Dopo 16 anni di abbandono, il 16 ottobre 2026 si rialzerà il sipario sul teatro intitolato a Franca Valeri. E lo farà con il capolavoro di Luigi Pirandello, che qui debuttò il 9 maggio 1921, più altri 14 spettacoli di prosa. Ma quella che andrà in scena in autunno non sarà l'opera classica dell'autore siciliano,  bensì una versione rivisitata dal titolo "La sera della prima. Sei personaggi in cerca d'autore al Teatro Valle" e che ripercorrerà quello che accadde in sala quando lo spettacolo andò in scena per la prima volta: una dura contestazione del pubblico, indignato per la rottura con gli schemi tradizionali dell'epoca, prima del meritato trionfo a Milano e nel resto del mondo.

La rinascita dopo i problemi strutturali e la scomparsa dell'Eti

La sala ha chiuso i battenti nel 2010 a causa della soppressione dell'Ente teatrale italiano, che ne gestiva le attività e il personale. A questa improvvisa cessazione amministrativa si sono aggiunti gravi problemi strutturali e di sicurezza del palcoscenico e degli impianti, che hanno reso lo storico stabile di Roma non più agibile. Una serie di circostanze che hanno portato alla mobilitazione degli artisti e delle maestranze: il teatro è stato occupato tra il 2011 e il 2014, diventando un luogo di incontro per gli addetti ai lavori, con spettacoli improvvisati, concerti, incontri e dibattiti.
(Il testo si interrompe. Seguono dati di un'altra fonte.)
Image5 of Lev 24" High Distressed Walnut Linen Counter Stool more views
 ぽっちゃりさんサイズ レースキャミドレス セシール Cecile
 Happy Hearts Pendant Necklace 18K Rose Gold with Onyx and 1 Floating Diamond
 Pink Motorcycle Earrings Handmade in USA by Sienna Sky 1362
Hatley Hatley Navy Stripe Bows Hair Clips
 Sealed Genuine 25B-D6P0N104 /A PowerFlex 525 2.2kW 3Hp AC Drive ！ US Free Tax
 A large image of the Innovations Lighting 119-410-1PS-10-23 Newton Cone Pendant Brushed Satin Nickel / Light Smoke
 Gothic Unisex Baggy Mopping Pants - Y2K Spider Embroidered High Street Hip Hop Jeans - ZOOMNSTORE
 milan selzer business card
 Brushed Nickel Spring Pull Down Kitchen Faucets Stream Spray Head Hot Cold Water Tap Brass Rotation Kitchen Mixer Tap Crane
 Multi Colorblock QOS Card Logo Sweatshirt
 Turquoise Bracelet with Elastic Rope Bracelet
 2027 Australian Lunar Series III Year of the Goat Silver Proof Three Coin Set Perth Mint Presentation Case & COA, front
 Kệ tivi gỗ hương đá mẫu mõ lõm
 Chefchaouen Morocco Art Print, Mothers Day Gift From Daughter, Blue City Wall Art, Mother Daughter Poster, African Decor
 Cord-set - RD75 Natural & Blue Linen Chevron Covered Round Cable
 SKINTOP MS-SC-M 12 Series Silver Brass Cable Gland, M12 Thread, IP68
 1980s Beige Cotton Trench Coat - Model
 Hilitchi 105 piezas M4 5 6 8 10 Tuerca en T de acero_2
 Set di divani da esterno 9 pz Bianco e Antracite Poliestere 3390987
Alla protesta hanno preso parte nomi di peso del panorama attoriale italiano, oltre a cantanti, scrittori e intellettuali, ma l'attenzione è andata scemando. Nel tempo, in tanti non sono più passati su quel palco e le attività sono diventate sempre di meno. A nulla è valso nemmeno il tentativo di autofinanziamento messo in piedi dai cittadini del rione Sant'Eustachio. Così, alla fine, l'occupazione è diventata puramente abitativa.

Il Campidoglio: "Un lavoro gigantesco e complesso da 11 milioni"

Nell'agosto del 2014 il comune si è riappropriato dello spazio, ma i lavori di riqualificazione e restauro sono stati presentati solo il 9 marzo 2023. Nel suo intervento, il sindaco Roberto Gualtieri ha parlato di "un lavoro gigantesco fatto con 11 milioni di euro provenienti dalle casse di Roma Capitale", evidenziando come "oggi i teatri giustamente hanno norme e requisiti che prima non c'erano, con dei vincoli complessi. È un lavoro gigantesco. Adesso si sta concludendo il cantiere, la data è il 16 ottobre e ci sono tutte le condizioni per arrivarci", ha concluso il primo cittadino.